NEWS | R Documentation |
add_reftable() allows a more extended interface for the Simulate
function, which may now handle a data frame of parameter values.
New default refine(., nbCluster) value, based on a more definite guess of a good value and aiming at faster analyses.
New convenient wrapper init_reftable() around the init_grid() function imported from the 'blackbox' package. Infusion now depends on versions >= 1.1.41 of that package, which include a faster init_grid() function.
plot2Dprof() can use parallelisation.
plot2Dprof(., pars) syntax extended for more flexible specification of sets of profiles.
refine.default() gets new argument 'CIs' for more transparent control of CI computations.

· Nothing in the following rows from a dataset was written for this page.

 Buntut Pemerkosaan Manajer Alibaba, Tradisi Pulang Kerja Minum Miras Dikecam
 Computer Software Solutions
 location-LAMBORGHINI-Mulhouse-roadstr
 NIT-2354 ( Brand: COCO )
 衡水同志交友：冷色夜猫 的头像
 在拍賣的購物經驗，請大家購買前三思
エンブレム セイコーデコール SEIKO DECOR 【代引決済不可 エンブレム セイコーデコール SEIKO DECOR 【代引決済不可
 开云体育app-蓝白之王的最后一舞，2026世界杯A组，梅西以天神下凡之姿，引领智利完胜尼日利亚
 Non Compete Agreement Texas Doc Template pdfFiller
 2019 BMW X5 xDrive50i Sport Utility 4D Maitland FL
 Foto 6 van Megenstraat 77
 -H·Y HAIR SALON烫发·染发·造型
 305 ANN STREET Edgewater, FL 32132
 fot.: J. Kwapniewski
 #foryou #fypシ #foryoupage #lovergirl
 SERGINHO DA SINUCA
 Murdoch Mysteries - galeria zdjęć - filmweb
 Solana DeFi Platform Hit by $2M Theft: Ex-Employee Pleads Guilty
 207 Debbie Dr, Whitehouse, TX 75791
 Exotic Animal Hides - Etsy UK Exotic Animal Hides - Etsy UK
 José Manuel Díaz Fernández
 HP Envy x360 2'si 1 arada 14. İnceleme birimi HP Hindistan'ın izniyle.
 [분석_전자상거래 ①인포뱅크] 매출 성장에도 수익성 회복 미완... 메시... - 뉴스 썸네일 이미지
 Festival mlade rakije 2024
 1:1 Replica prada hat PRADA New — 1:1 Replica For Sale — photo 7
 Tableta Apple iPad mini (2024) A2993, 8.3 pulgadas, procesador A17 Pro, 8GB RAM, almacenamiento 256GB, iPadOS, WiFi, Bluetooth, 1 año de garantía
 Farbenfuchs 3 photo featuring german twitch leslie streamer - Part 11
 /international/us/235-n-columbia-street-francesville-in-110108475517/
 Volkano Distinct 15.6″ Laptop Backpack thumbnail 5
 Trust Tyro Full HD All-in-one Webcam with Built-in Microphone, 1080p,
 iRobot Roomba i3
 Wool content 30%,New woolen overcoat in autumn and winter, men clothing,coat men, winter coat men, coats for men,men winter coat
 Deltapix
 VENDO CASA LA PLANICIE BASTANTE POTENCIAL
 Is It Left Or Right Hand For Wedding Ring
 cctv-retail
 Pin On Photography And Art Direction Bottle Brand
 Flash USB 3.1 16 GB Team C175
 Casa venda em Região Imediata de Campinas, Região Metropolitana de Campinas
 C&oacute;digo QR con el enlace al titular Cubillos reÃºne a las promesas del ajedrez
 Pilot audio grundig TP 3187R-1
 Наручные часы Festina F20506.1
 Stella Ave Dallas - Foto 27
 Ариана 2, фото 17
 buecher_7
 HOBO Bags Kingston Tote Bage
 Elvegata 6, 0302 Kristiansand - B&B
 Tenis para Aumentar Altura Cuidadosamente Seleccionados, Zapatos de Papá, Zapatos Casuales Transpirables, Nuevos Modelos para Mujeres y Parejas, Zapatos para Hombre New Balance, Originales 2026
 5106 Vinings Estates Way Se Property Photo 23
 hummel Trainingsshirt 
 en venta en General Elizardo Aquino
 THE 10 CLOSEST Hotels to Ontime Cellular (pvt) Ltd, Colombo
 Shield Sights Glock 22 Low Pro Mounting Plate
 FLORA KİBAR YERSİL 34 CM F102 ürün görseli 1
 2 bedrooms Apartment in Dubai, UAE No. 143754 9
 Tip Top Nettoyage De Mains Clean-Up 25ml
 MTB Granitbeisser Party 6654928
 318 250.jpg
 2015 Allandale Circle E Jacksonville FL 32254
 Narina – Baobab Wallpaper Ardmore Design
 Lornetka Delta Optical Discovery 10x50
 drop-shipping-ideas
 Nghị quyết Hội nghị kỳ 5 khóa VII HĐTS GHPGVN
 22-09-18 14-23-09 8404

refine.default() can now request parallel execution of ranger(), according to refine()'s 'nb_cores' argument by default, but with refine()'s 'cluster_args' argument further allowing independent control of ranger()'s 'num.threads' independently from 'nb_cores'.
project.default() gets new arguments 'use_oob' and 'is_trainset' to bypass a costly step in specific (but commonplace) cases; and also argument 'methodArgs'.
nbCluster="max" syntax allowed in some contexts for fast gaussian mixture modelling by fixing the tried number of clusters to a single value automatically generated.
The 'xLLiM' package (new 'Suggested' dependency) can be used as an alternative to 'Rmixmod' for joint density modelling, by calling infer_SLik_joint(., using="xLLiM").
New convenience function write_workflow().
The structure of 'SLik_j' objects has been modified, meaning that the result of running infer_SLik_joint() has to be re-generated to be compatible with functions of which this object is an argument.
add_reftable() and add_simulation() gain argument 'parsTable' with is an alias (and now the preferred name) for pre-existing argument 'par.grid'.
The documentations for add_reftable() and add_simulation() have been revised, to better emphasize the inference workflow based on add_reftable() over the primitive workflow based on add_simulation(), and split in different files for clarity. The definitions of the functions have also been revised, mostly in a backward-compatible way, although subtle changes may result in the primitive workflow.
'matrixStats' is an imported package.
New function SLRT() for "summary-likelihood ratio tests", including bootstrap-corrected ones. For the latter correction, another function get_LRboot() provides a fast approximation to bootstrap distribution of likelihood ratio statistic.
Better choice of initial value of optimization operations in likelihood profile computations, giving more correct 1D profile plots and likelihood ratio tests (and possibly improving all subsequent operations in iterative workflows).
More thorough implementation of parallelization in add_simulation() (and add_reftable()), allowing forking, and control of random number generator.
Finer control of parallelisation in refine(), through new features of the 'cluster_args' argument.
project() accepts (barely documented) "fastai" and "keras" methods, interfacing the packages of the same name (themselves interfacing python libraries).
New default values of various controls in calls to ranger::ranger.
infer_SLik_joint() and goftest() will check for linear dependencies among the summary statistics (which would cause bugs in goftest()), thanks to the new convenience function check_raw_stats().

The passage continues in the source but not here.